**EXERCISE AIM:** Among the records below, find the line that has "трава Дмитров"; from there, give the lines again exactly, and stop after the line that has "千金归来：墨总追着我不放".

**THE DATA:**
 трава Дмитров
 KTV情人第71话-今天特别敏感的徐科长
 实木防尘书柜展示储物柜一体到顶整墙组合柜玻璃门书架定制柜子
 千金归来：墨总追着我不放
* * *
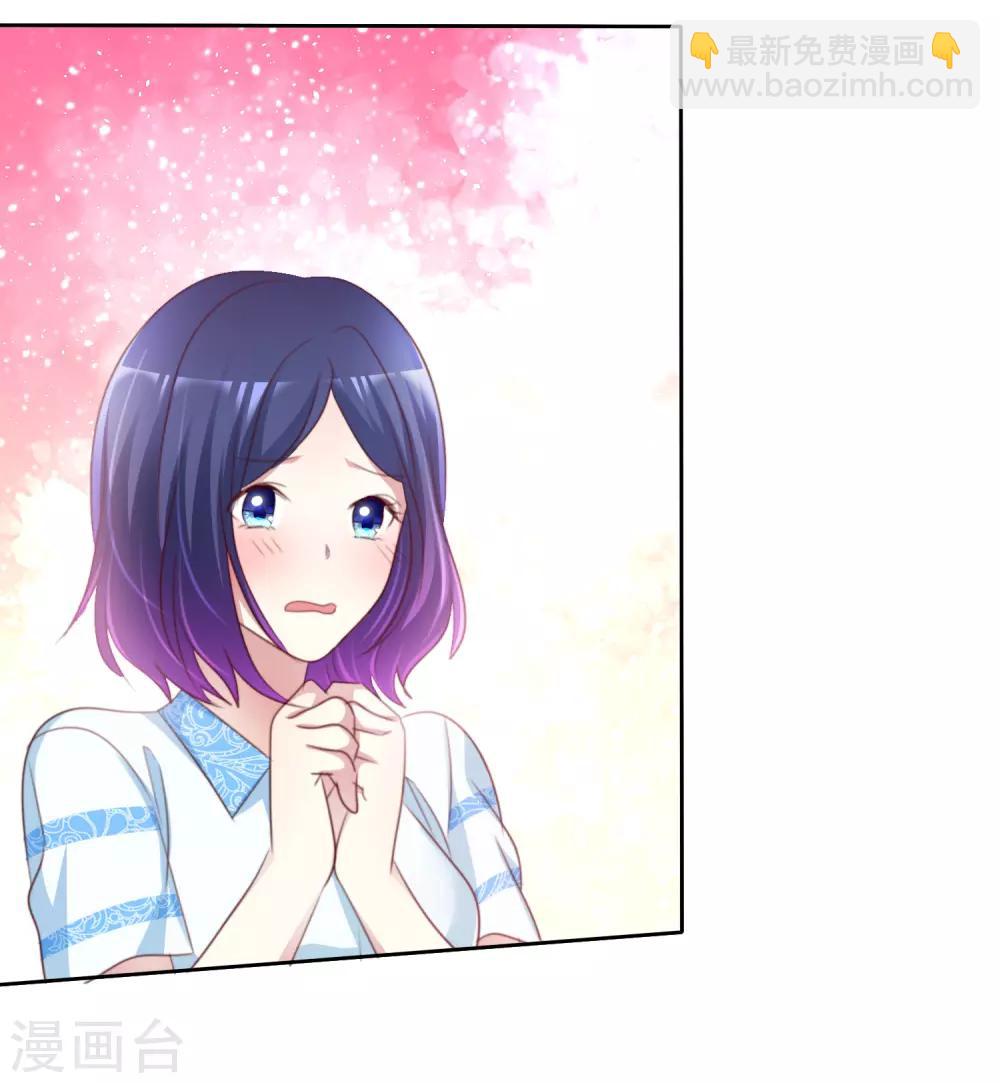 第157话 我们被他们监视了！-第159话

**WRITTEN RESPONSE:**
 трава Дмитров
 KTV情人第71话-今天特别敏感的徐科长
 实木防尘书柜展示储物柜一体到顶整墙组合柜玻璃门书架定制柜子
 千金归来：墨总追着我不放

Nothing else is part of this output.